→ **Data**:
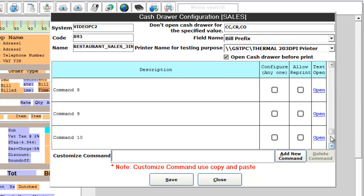If the cache drawer is not opening with any of these commands, you can even copy and paste your customized command and click add new command. So the customized command will be added. Once you have configured it, click save.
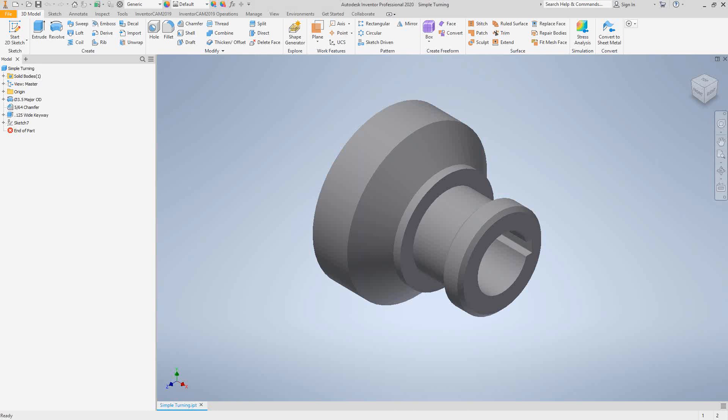Welcome to video 15 in a series of introductory videos for InventorCam. This video's topic is a new mill turn or turning project. This will be similar to what we saw with video 3 on the milling side — this time it's just going to be for turning and for the mill turn module. So let's take a look at how we get into that.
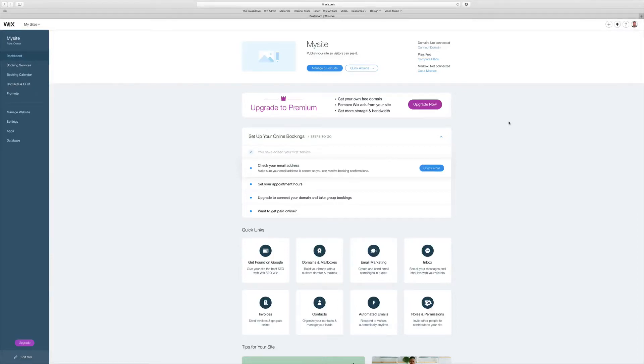Hey what's up guys, welcome back to the Breakdown How To. Today we're going to show you guys how to set up a free landing page with Wix.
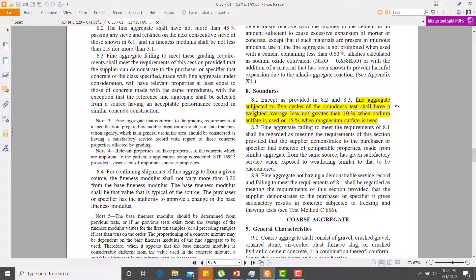ASTM C33 also specifies a soundness test for fine aggregate to check whether there is any weight loss when the aggregate is exposed to freezing and thawing cycles. For fine aggregate, the weight loss in the soundness test must not exceed 10%. If it exceeds 10%, the aggregates are considered unsound and weak, and cannot withstand freeze-thaw cycles, causing deleterious effects in concrete.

→ **Problem**: The whole listing is to be written out exactly; the pictures stay out of the copy.

→ **Written solution**:
If the cache drawer is not opening with any of these commands, you can even copy and paste your customized command and click add new command. So the customized command will be added. Once you have configured it, click save.
Welcome to video 15 in a series of introductory videos for InventorCam. This video's topic is a new mill turn or turning project. This will be similar to what we saw with video 3 on the milling side — this time it's just going to be for turning and for the mill turn module. So let's take a look at how we get into that.
Hey what's up guys, welcome back to the Breakdown How To. Today we're going to show you guys how to set up a free landing page with Wix.
ASTM C33 also specifies a soundness test for fine aggregate to check whether there is any weight loss when the aggregate is exposed to freezing and thawing cycles. For fine aggregate, the weight loss in the soundness test must not exceed 10%. If it exceeds 10%, the aggregates are considered unsound and weak, and cannot withstand freeze-thaw cycles, causing deleterious effects in concrete.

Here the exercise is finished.